The Diocese of Lincoln, Neb., and four Eastern Rite districts called eparchies have not participated in the audits.
Despite improvements, church leaders must do more, including measuring the effectiveness of the safeguards they've put in place and deepening the church's understanding of what victims suffer, the panel said.
"Discussion with victims provide evidence of serious needs that still must be addressed in order for the victims and their families to find the healing that they need," the board said.
The report is a review of the board's work on the fifth anniversary of its founding.
The U.S. Conference of Catholic Bishops created the lay panel to monitor diocesan reforms enacted in 2002 at the height of the abuse crisis.
The scandal erupted with the case of an accused priest in the Archdiocese of Boston, then spread nationwide and beyond. More than 13,000 molestation claims have been made to dioceses, which have paid more than $2 billion in settlements since 1950, according to separate studies conducted for the bishops.

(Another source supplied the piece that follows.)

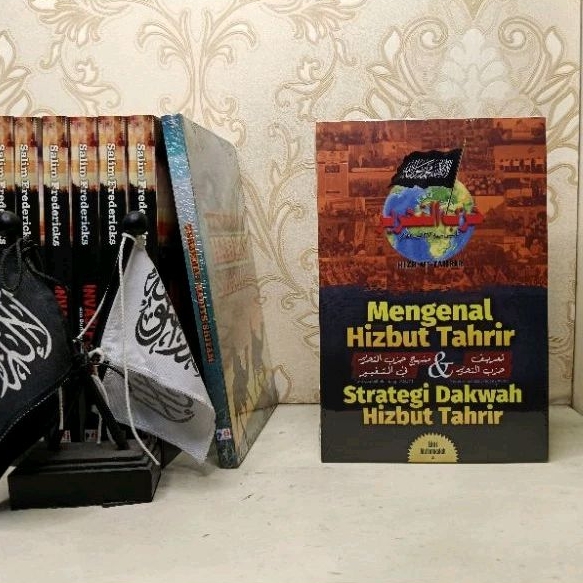 Mengenal Hizbut Tahrir dan Strategi Dakwah Hizbut Tahrir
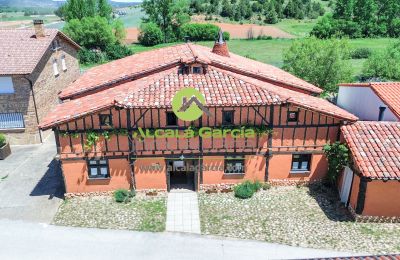 Casa de campo en venta Valdemaluque, Castilla y León, Imagen 3/49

The child protection plan that the bishops adopted in the wake of the crisis bars guilty clergy from any public church work, raising complex questions about how dioceses can supervise the priests after they're removed. In some cases, the Vatican has laicized — or defrocked — offenders. They have left the church completely.
The National Review Board has been encouraging bishops to conduct random parish audits to check how well the reforms are working and learn what approaches are the most effective. This year, several dioceses volunteered for parish audits in a pilot program that the board hopes will be a model.

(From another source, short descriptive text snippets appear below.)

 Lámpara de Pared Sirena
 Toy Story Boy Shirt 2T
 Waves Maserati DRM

A safe environment working group, comprised of board members, bishops and consultants, has been studying how children in dioceses have been taught to identify inappropriate conduct, looking at age and grade appropriateness and church teaching relevant to the training.
The group made recommendations based on its review, but those conclusions have not been made public, said U.S. District Judge Michael Merz, chairman of the review board.
The national board also recommended best strategies for local diocesan review boards that help individual bishops evaluate abuse claims. A bishops' panel is reviewing the suggestions.
Starting next year, only one-third of dioceses will be required to have an audit, although others can volunteer for a review. No plan is in place yet for how to choose them, Merz said.
Besides stressing the need for more attention to victims, the board said that bishops should be more aware of how a parish suffers when its priest is removed.
Regarding clergy, the board said bishops must work harder to repair relations with priests "many of whom feel alienated from both the bishops and laity" because of the scandal.
The Survivors Network of those Abused by Priests called the bishops' reforms "common sense legal defense moves and smart public relations gestures" that won't root out abuse.
"The main cause of this ongoing crisis remains untouched: the virtually limitless power of bishops," the network said in a statement."The church always has been and still is a monarchy. Bishops answer to virtually no one and experience no consequences when they shun victims, stonewall prosecutors, deceive parishioners."